# Avatar problems?



## Christine (Nov 4, 2005)

So I went to change my avatar today and I seem to be having issues.

It keeps telling me invalid file. The file size is 150x150 and only 39kb. I tried pulling it from my pc & from my website... I tried changing the name, changing the size. I deleted my old avatar... Do I have user issues or is anyone else having problems?


----------



## Dr_House (Aug 15, 2006)

I'm having the same problem. I'm avatarless over here! I feel _so_ naked! :lol:


----------



## Guest (Aug 18, 2006)

Is it an animated one? If so thats why because this is like the only site that doesn't allow animated avatar's.
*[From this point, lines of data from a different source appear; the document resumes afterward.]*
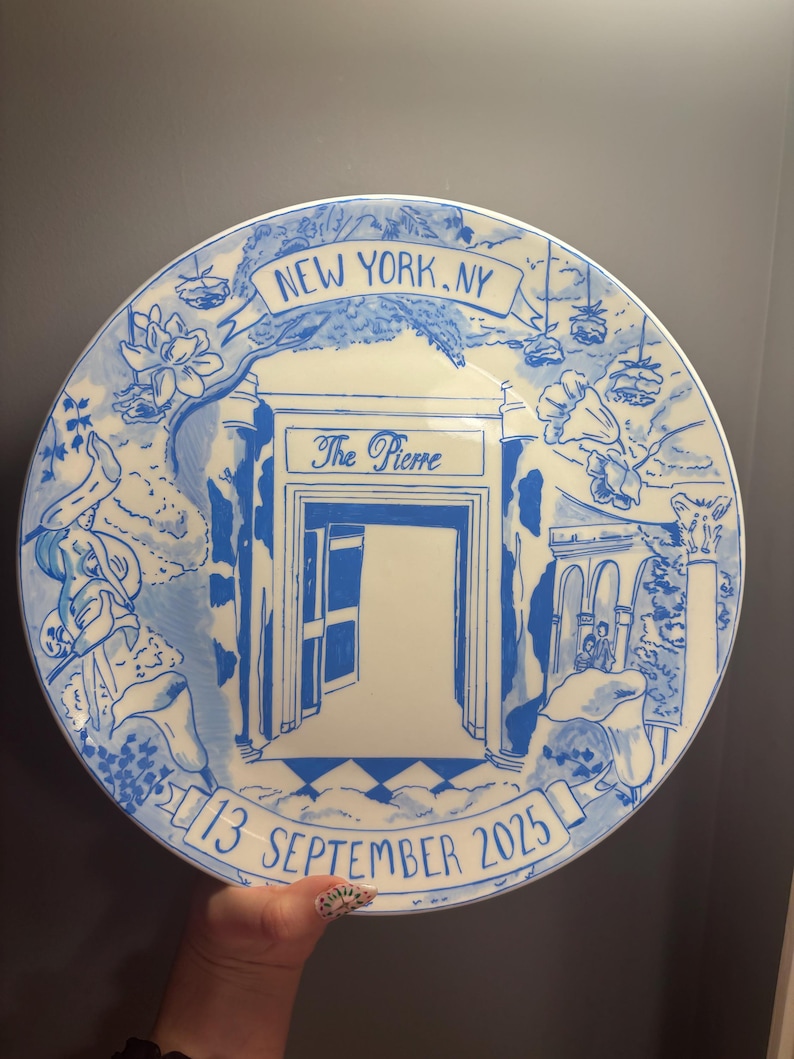 May include: A round white ceramic plate featuring blue hand-painted illustrations of The Pierre hotel entrance in New York, NY. The design includes floral accents, a banner reading NEW YORK, NY, and the date 13 SEPTEMBER 2025 at the bottom.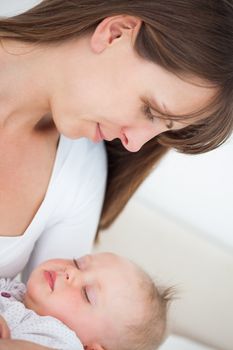 Peaceful brunette woman holding her little daughter indoors
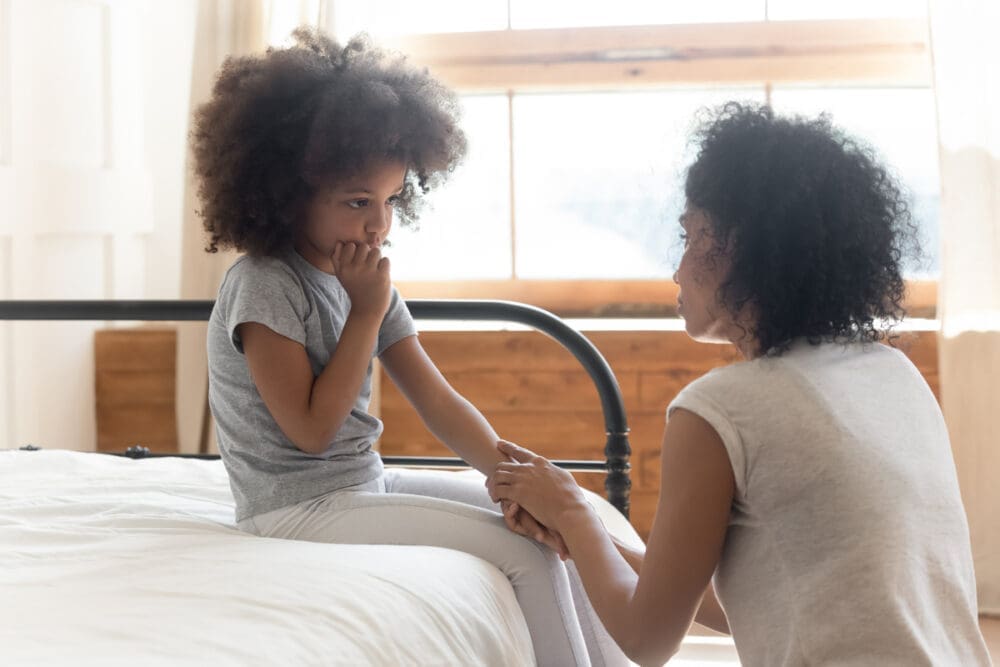 A concerned woman kneels by a bed, holding hands with a pensive young girl sitting on it
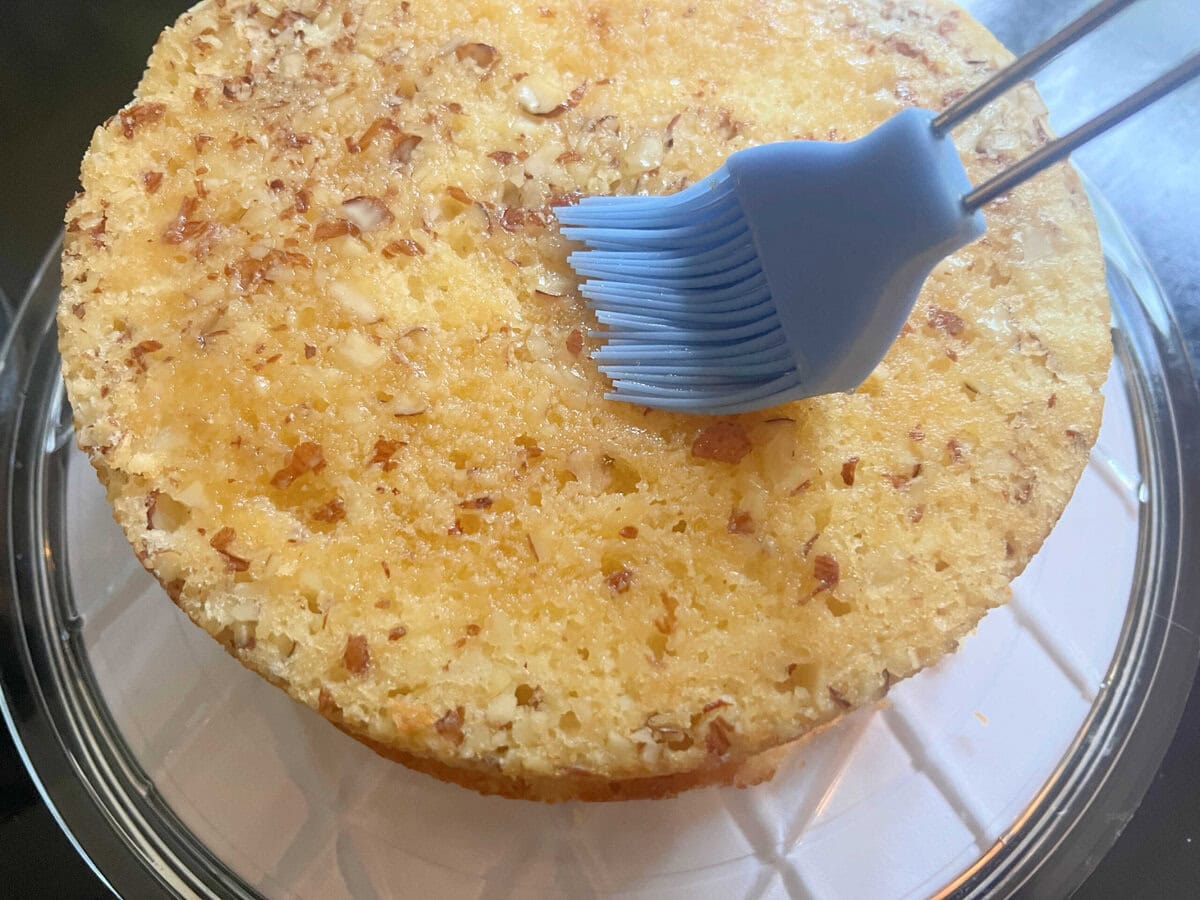 Brushing the Amaretto Cake layer with simple syrup.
What file type is it? Like bmp and stuff like that.


----------



## Christine (Nov 4, 2005)

Nope not animated, just a plain old jpg file. I was wondering if it was just me or perhaps it could have something to do with the server move we just had maybe. Looks like Dr House is having the same problem sooooo anyone else?


----------



## Guest (Aug 18, 2006)

could be server problems or they reduced the file types allowed or something.


----------



## Christine (Nov 4, 2005)

Durb you wanna see if you can change yours? Of course... then you might get stuck without heheh.


----------



## Guest (Aug 18, 2006)

Nope, I like my evil closet monkey. lmao


----------



## Christine (Nov 4, 2005)

:lol: Oki then!


----------



## Shaggy (Apr 29, 2005)

I will look into this..


----------



## Christine (Nov 4, 2005)

Thanks Shaggy!


----------